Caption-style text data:
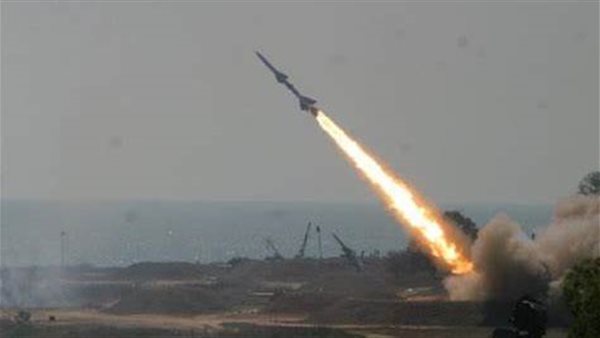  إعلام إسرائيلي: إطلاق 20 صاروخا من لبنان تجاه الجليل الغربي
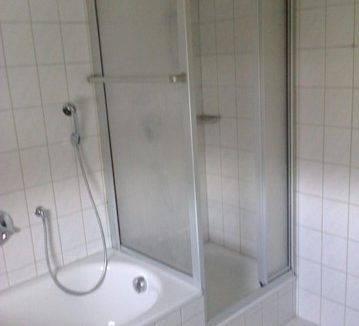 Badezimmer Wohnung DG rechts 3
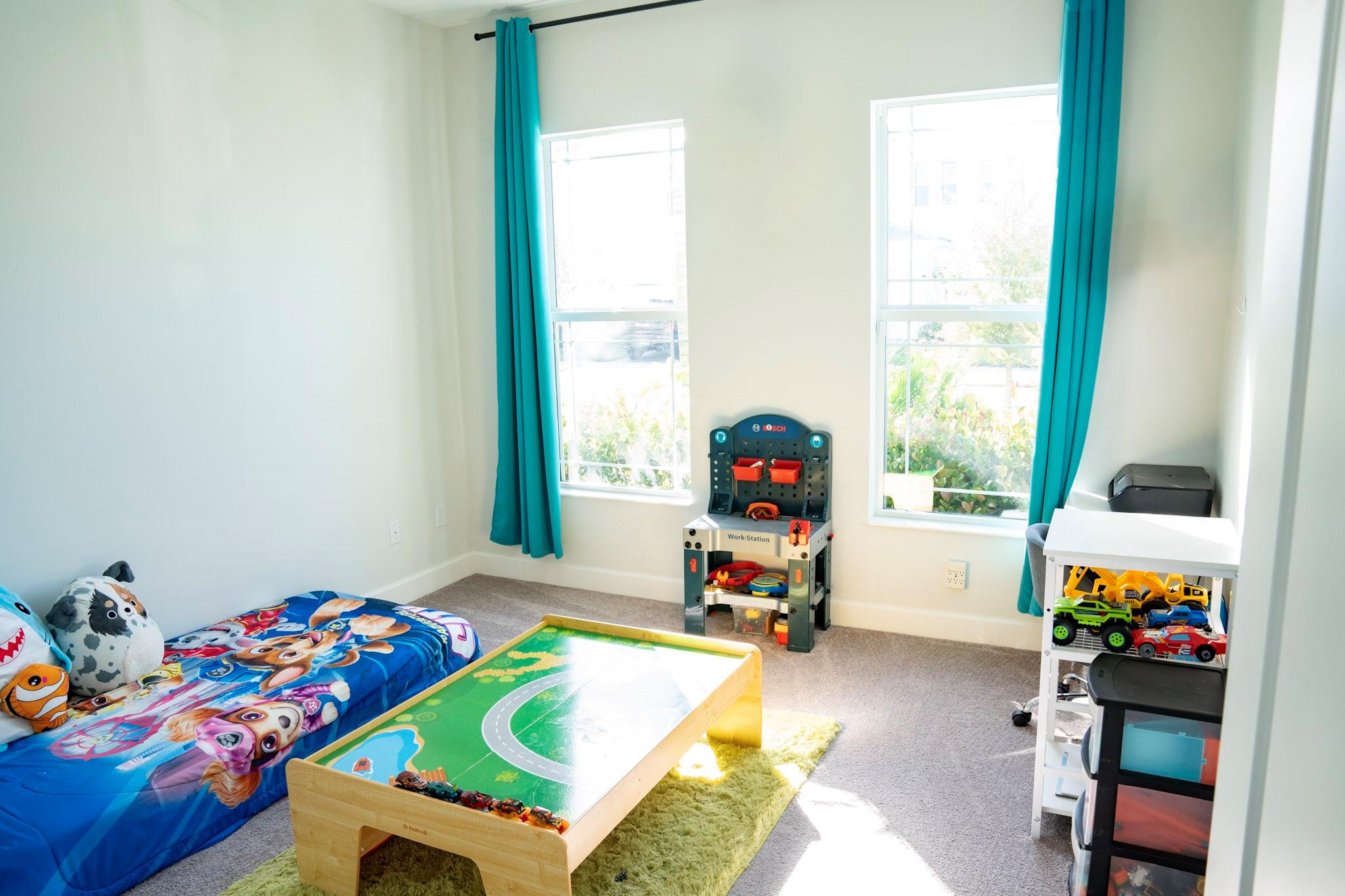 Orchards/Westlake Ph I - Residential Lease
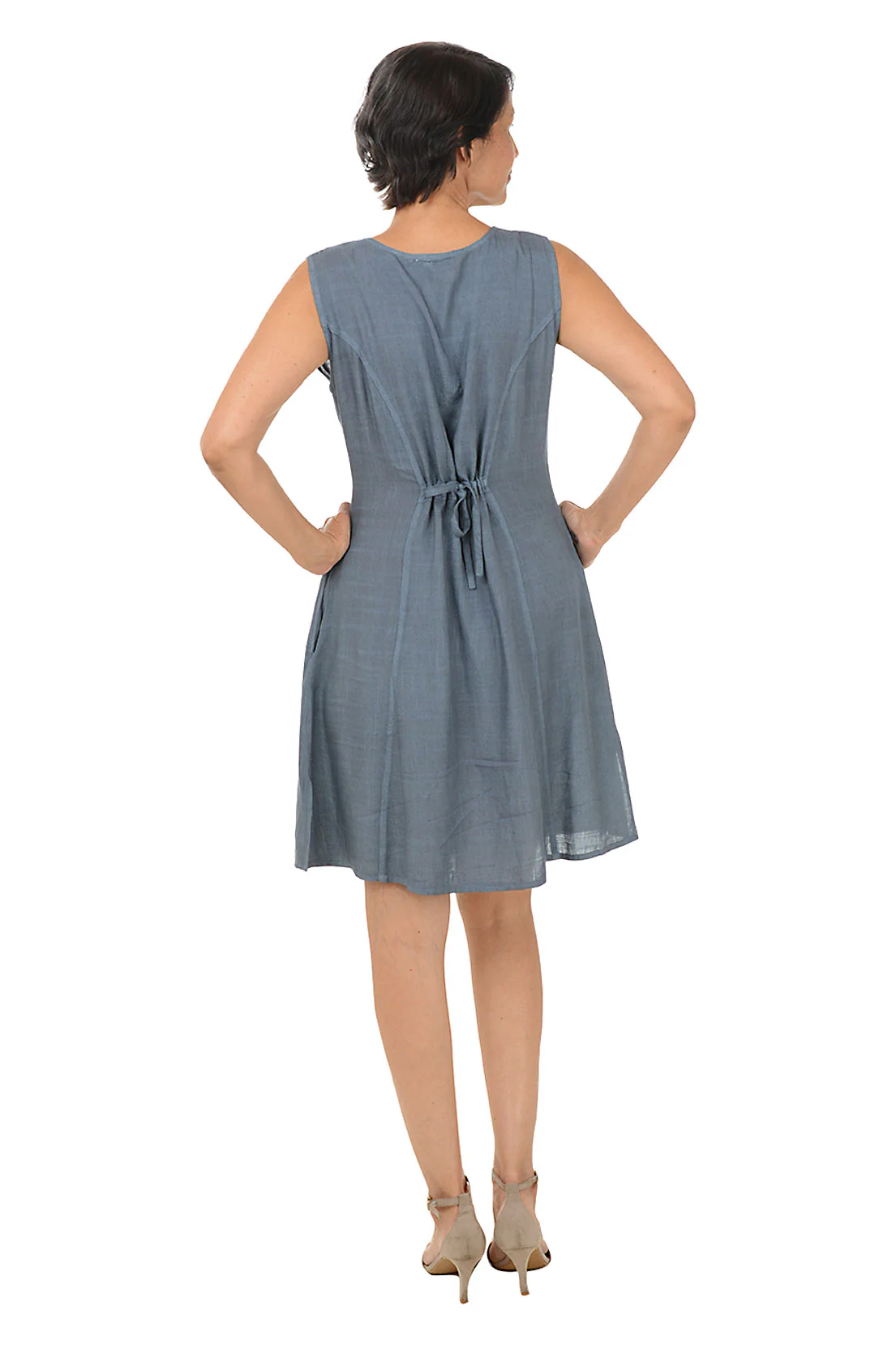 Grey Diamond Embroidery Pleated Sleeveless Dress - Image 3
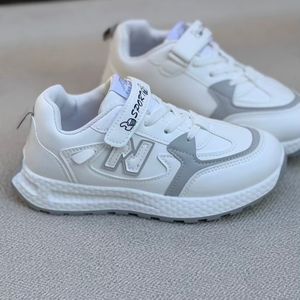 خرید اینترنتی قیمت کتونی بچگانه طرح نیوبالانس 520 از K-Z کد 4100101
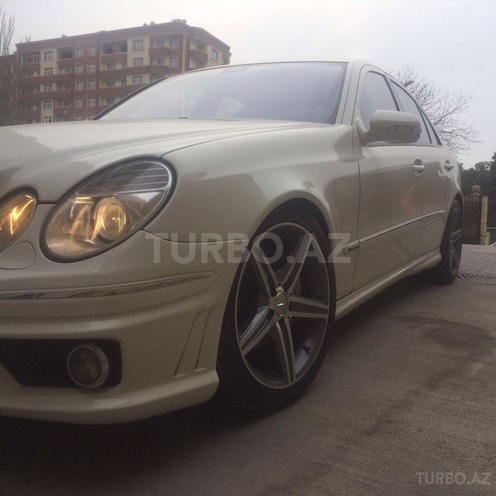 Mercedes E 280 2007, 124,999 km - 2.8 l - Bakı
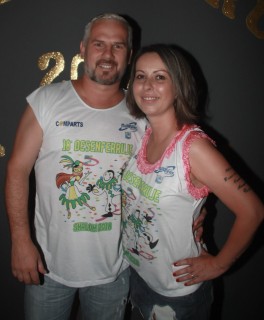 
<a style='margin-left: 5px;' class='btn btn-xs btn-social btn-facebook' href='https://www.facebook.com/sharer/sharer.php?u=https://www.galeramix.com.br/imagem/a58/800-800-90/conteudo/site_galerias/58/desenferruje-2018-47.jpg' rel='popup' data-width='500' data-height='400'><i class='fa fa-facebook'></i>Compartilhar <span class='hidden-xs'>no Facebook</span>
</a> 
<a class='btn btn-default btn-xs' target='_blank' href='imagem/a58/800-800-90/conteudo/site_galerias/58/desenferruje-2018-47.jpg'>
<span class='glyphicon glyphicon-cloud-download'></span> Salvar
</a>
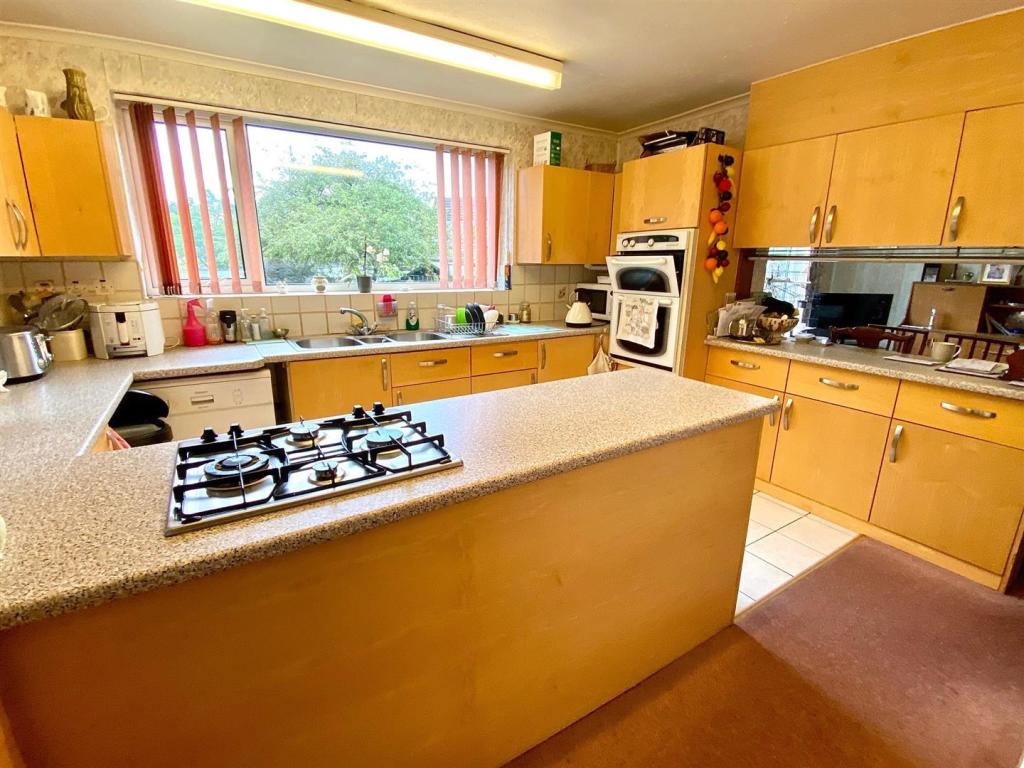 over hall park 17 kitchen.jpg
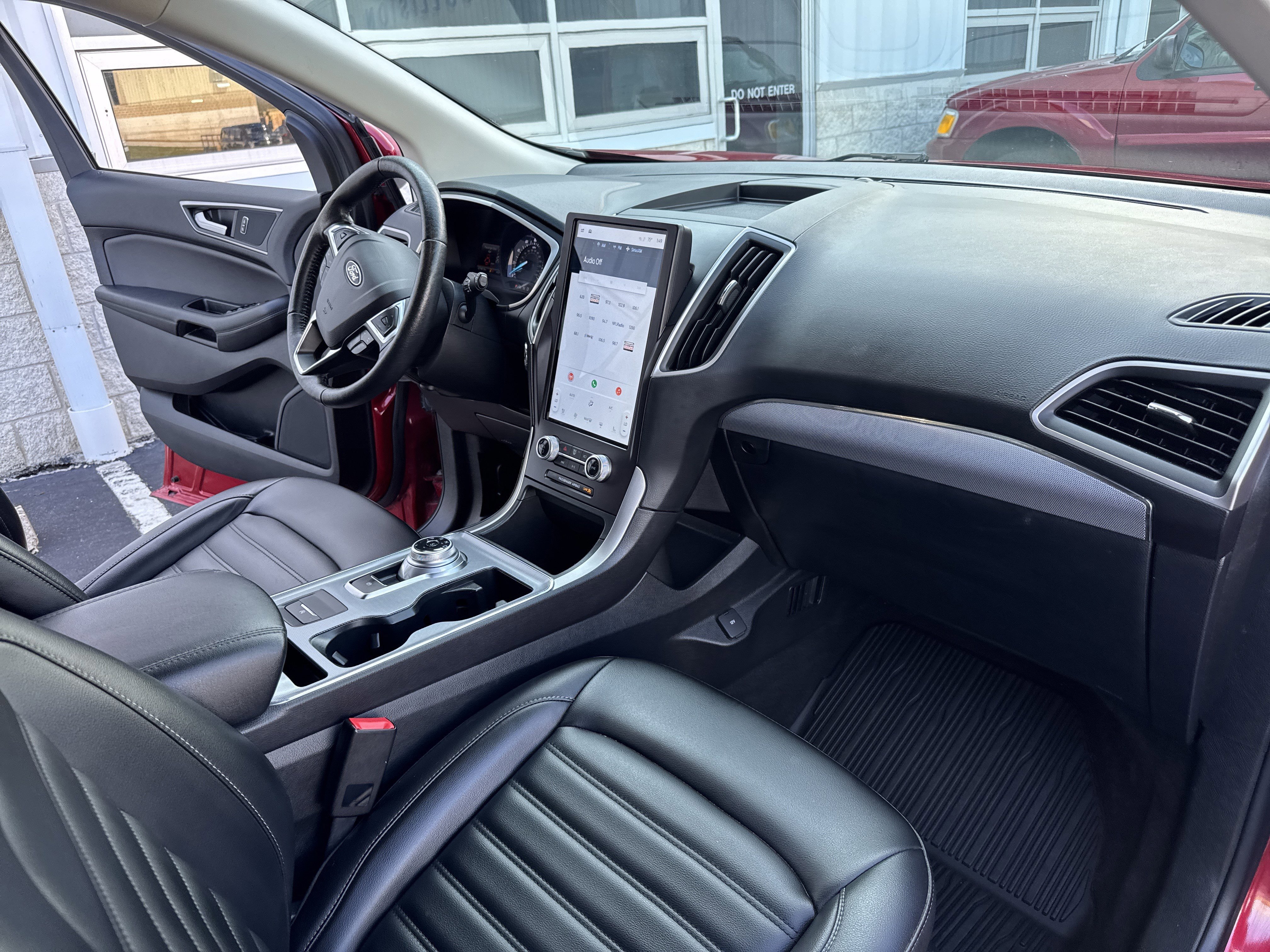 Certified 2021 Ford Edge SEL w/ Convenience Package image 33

(WORK ITEM): In the reply, each line of the data must appear exactly as written, and no picture may appear.

(ANSWER SECTION):
  إعلام إسرائيلي: إطلاق 20 صاروخا من لبنان تجاه الجليل الغربي
 Badezimmer Wohnung DG rechts 3
 Orchards/Westlake Ph I - Residential Lease
 Grey Diamond Embroidery Pleated Sleeveless Dress - Image 3
 خرید اینترنتی قیمت کتونی بچگانه طرح نیوبالانس 520 از K-Z کد 4100101
 Mercedes E 280 2007, 124,999 km - 2.8 l - Bakı
<a style='margin-left: 5px;' class='btn btn-xs btn-social btn-facebook' href='https://www.facebook.com/sharer/sharer.php?u=https://www.galeramix.com.br/imagem/a58/800-800-90/conteudo/site_galerias/58/desenferruje-2018-47.jpg' rel='popup' data-width='500' data-height='400'><i class='fa fa-facebook'></i>Compartilhar <span class='hidden-xs'>no Facebook</span>
</a> 
<a class='btn btn-default btn-xs' target='_blank' href='imagem/a58/800-800-90/conteudo/site_galerias/58/desenferruje-2018-47.jpg'>
<span class='glyphicon glyphicon-cloud-download'></span> Salvar
</a>
 over hall park 17 kitchen.jpg
 Certified 2021 Ford Edge SEL w/ Convenience Package image 33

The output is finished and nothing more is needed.